> _TASK BRIEF_: From the data below, set down exactly the lines between the one holding "M2T18TXG41 SWITCH ROCKER SPDT 0.4VA 28V" and the one holding "ANAPURNA Kurtka polarowa", inclusive, and no others.
── WORKING DATA ──
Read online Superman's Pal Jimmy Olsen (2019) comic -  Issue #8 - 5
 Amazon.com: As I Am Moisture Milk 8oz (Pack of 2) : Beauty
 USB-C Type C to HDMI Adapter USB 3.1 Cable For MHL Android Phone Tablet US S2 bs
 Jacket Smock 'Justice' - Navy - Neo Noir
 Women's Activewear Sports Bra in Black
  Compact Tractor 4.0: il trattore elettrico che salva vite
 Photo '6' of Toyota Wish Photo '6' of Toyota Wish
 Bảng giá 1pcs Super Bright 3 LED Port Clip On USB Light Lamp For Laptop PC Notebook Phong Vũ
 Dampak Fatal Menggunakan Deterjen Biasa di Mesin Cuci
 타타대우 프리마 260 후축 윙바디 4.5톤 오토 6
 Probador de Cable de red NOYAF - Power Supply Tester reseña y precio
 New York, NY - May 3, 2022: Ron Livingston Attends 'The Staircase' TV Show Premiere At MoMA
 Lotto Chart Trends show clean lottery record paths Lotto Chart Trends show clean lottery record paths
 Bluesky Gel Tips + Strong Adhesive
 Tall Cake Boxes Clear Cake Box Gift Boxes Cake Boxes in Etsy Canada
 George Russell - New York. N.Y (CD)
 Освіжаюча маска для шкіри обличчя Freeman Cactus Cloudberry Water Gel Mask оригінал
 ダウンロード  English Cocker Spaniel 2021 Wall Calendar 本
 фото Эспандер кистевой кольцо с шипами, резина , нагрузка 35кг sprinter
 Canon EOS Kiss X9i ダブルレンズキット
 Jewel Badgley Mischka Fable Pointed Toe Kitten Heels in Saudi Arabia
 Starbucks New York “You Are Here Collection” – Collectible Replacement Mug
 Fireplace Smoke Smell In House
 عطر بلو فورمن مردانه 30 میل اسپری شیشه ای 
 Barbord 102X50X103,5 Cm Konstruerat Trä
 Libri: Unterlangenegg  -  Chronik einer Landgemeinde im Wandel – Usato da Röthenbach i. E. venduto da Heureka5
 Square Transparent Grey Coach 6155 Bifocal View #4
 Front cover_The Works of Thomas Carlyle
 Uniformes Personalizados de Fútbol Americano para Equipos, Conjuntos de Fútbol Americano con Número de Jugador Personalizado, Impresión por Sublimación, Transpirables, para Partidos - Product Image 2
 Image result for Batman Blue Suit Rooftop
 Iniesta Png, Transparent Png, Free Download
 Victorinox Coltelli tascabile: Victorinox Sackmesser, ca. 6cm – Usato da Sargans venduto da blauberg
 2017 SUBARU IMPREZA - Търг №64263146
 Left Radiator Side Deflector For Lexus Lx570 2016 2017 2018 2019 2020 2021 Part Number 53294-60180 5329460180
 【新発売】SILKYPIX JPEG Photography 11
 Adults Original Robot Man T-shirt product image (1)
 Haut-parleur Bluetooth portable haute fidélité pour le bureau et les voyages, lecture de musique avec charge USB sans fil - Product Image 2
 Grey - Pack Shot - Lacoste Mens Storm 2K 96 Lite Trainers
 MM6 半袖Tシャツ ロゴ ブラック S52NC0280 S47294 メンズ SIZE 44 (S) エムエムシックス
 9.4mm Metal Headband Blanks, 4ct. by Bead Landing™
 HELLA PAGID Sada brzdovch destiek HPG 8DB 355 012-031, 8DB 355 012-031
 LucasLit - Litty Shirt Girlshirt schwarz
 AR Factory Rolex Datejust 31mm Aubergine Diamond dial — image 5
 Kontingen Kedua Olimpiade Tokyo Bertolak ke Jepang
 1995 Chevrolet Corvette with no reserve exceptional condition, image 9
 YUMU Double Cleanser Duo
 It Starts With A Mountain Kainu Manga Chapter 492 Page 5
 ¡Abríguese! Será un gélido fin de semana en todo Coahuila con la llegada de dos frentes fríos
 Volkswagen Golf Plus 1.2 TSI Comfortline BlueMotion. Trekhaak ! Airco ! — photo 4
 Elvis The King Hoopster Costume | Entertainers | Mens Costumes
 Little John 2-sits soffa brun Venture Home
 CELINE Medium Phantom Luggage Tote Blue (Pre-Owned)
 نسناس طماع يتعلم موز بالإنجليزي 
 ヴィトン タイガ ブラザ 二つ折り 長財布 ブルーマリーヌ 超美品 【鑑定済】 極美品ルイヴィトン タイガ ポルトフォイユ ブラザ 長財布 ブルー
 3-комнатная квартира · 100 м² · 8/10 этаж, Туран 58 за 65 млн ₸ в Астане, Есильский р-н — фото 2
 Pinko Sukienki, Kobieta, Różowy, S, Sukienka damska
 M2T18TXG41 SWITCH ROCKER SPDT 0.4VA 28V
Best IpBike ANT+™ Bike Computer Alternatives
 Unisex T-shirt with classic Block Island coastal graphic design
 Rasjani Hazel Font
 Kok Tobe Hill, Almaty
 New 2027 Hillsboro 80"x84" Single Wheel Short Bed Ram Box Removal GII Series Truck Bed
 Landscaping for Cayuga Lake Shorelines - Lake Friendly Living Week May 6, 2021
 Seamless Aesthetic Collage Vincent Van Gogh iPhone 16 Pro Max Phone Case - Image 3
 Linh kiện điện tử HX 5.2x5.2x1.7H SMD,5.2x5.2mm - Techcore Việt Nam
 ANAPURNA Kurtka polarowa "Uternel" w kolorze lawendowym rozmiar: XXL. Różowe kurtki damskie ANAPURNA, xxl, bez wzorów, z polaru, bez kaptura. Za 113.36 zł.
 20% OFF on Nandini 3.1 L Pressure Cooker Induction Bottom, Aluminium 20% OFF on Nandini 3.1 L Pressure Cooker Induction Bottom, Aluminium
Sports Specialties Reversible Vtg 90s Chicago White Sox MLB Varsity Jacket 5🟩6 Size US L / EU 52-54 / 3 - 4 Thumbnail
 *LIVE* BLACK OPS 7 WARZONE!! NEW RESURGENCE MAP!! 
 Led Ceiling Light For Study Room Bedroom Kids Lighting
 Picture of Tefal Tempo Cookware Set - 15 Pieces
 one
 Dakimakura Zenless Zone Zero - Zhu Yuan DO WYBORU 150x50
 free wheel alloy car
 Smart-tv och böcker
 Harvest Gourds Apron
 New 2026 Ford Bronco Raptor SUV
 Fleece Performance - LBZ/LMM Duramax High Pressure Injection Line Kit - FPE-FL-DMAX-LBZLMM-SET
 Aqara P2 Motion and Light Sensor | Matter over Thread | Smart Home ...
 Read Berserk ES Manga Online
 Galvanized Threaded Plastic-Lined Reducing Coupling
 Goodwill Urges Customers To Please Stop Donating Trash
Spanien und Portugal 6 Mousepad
───
> _RESPONSE FOR THIS EXERCISE_:
 M2T18TXG41 SWITCH ROCKER SPDT 0.4VA 28V
Best IpBike ANT+™ Bike Computer Alternatives
 Unisex T-shirt with classic Block Island coastal graphic design
 Rasjani Hazel Font
 Kok Tobe Hill, Almaty
 New 2027 Hillsboro 80"x84" Single Wheel Short Bed Ram Box Removal GII Series Truck Bed
 Landscaping for Cayuga Lake Shorelines - Lake Friendly Living Week May 6, 2021
 Seamless Aesthetic Collage Vincent Van Gogh iPhone 16 Pro Max Phone Case - Image 3
 Linh kiện điện tử HX 5.2x5.2x1.7H SMD,5.2x5.2mm - Techcore Việt Nam
 ANAPURNA Kurtka polarowa "Uternel" w kolorze lawendowym rozmiar: XXL. Różowe kurtki damskie ANAPURNA, xxl, bez wzorów, z polaru, bez kaptura. Za 113.36 zł.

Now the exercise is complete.